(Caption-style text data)
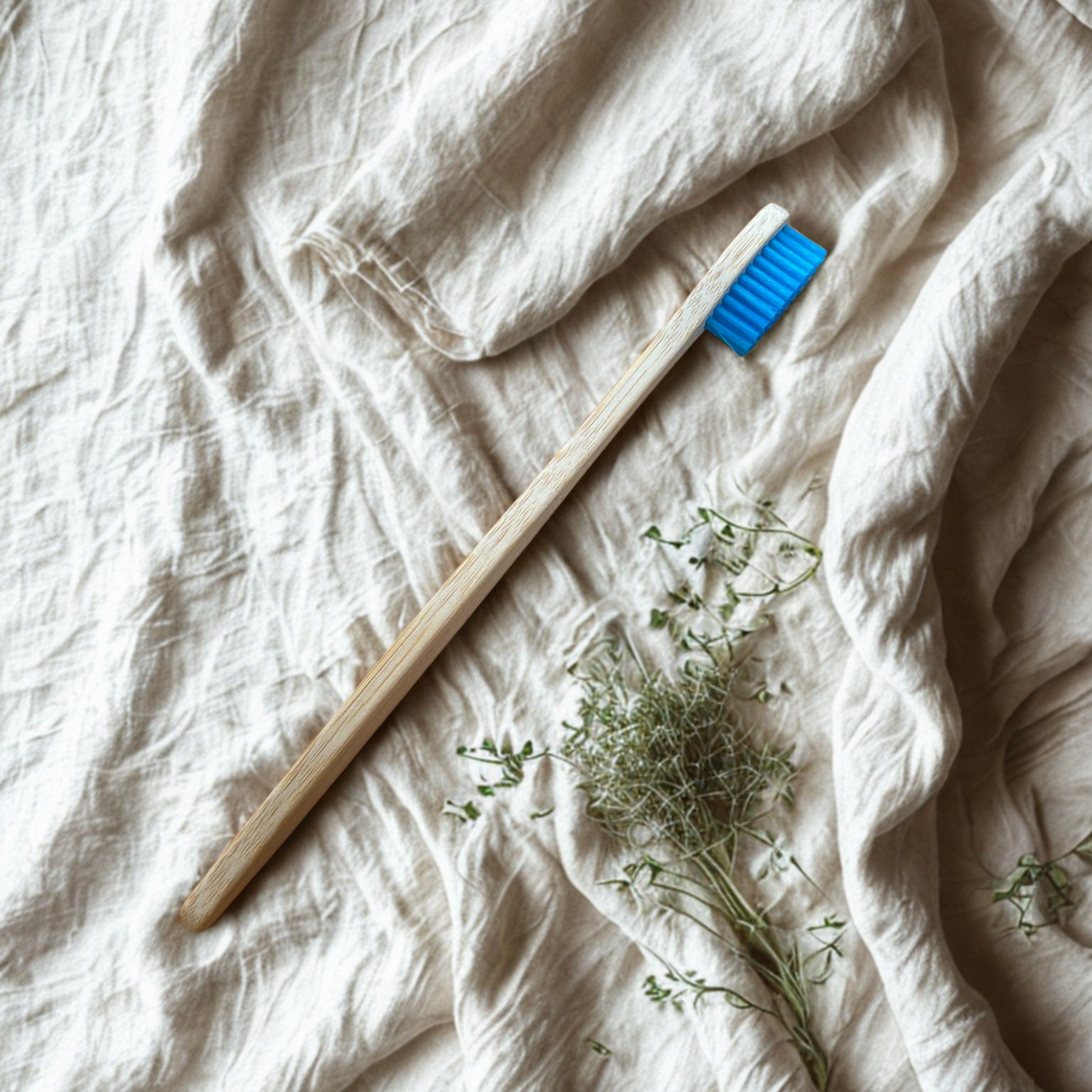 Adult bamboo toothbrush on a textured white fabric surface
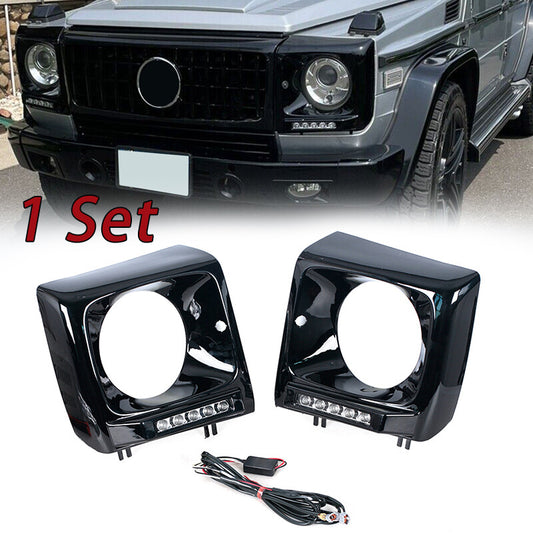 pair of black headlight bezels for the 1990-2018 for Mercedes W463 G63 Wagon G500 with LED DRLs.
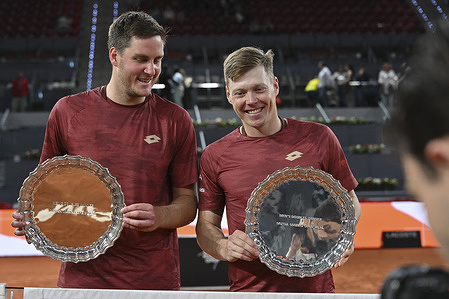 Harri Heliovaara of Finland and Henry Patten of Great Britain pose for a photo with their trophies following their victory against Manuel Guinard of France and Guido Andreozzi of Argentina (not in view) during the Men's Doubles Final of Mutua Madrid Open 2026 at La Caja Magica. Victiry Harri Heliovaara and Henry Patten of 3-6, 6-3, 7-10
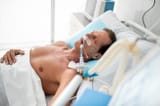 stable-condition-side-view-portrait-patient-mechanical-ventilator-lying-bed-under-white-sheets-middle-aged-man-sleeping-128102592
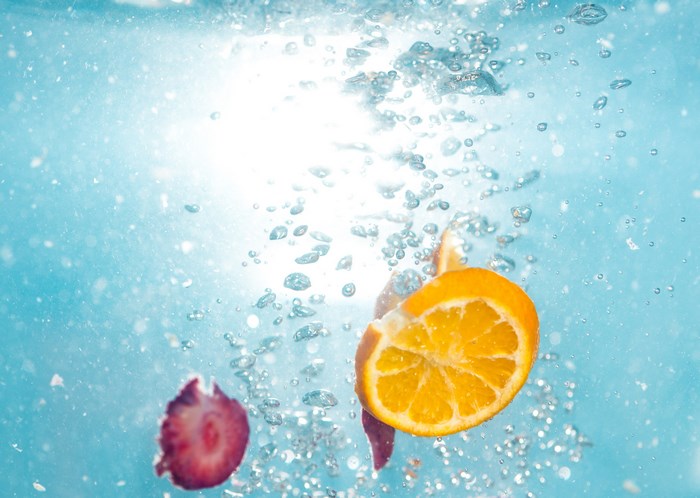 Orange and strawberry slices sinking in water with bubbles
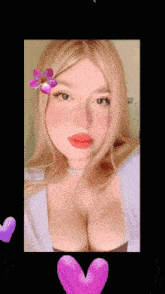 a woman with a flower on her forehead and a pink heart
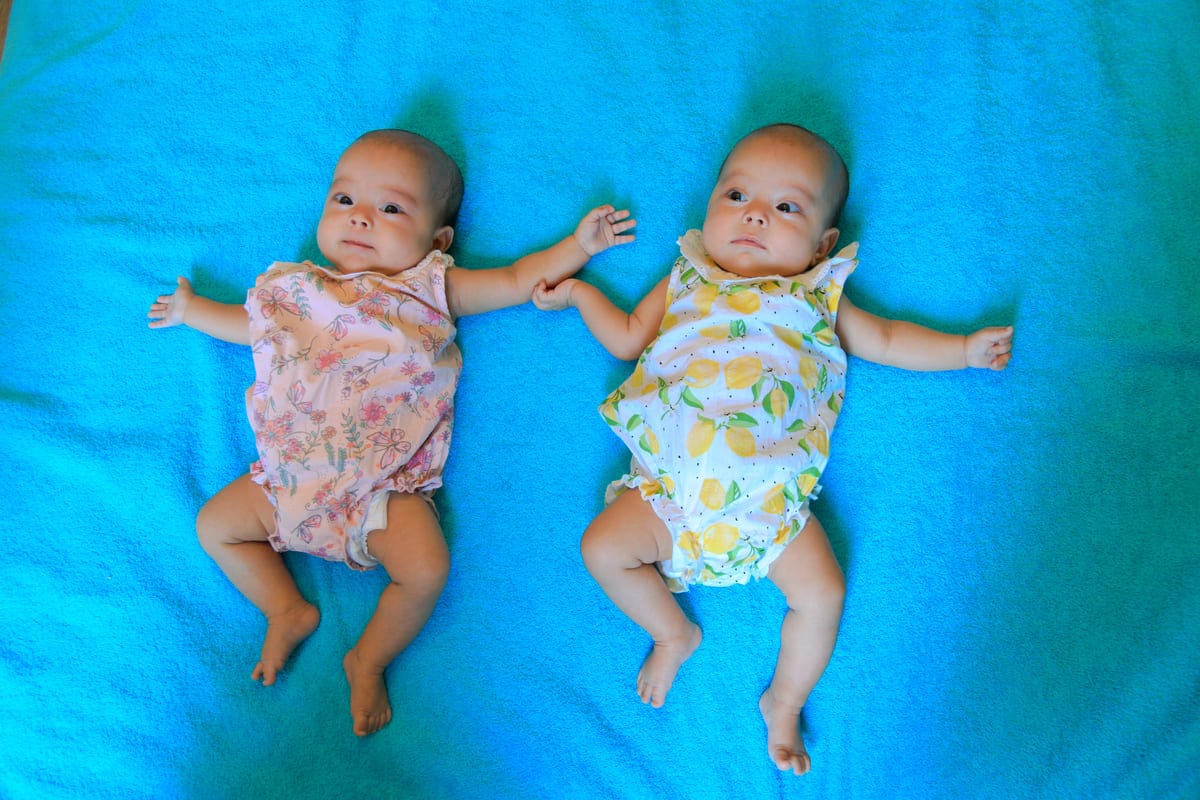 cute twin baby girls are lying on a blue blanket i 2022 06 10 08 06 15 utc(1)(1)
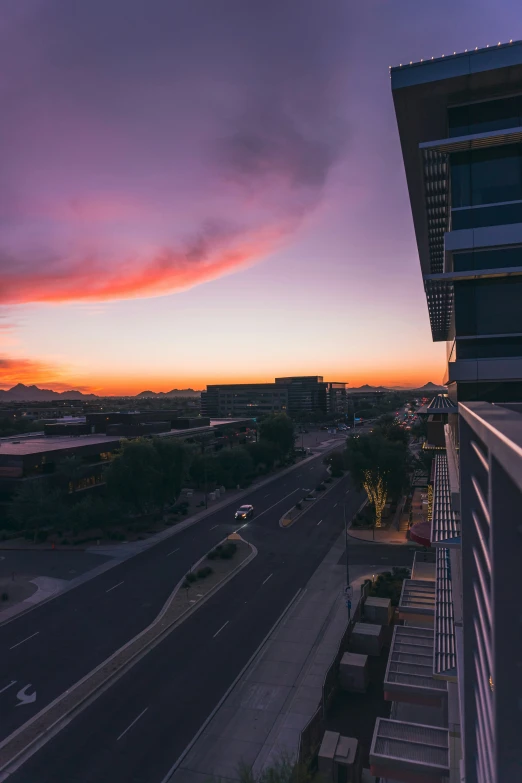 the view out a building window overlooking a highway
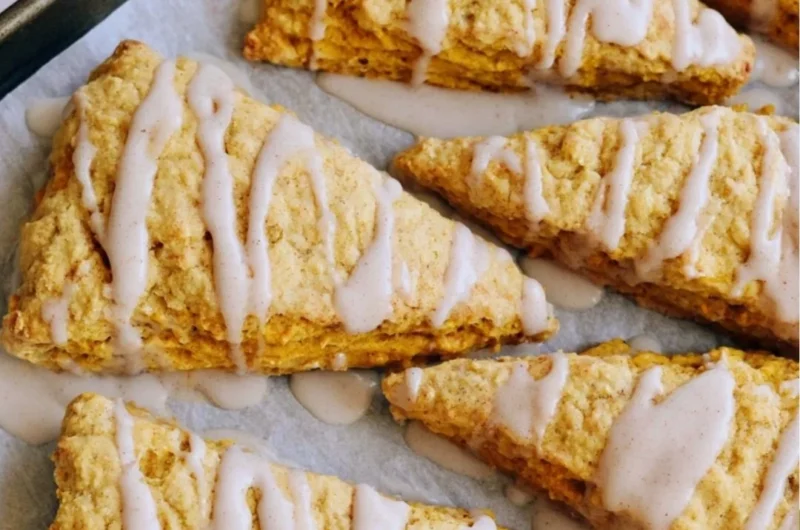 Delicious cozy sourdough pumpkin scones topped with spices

**What you need to do:**
Output the lines, exactly: the first line of the entries above, every line after it, and the line with "pair of black" as the last. No pictures.

**Response for this exercise:**
 Adult bamboo toothbrush on a textured white fabric surface
 pair of black headlight bezels for the 1990-2018 for Mercedes W463 G63 Wagon G500 with LED DRLs.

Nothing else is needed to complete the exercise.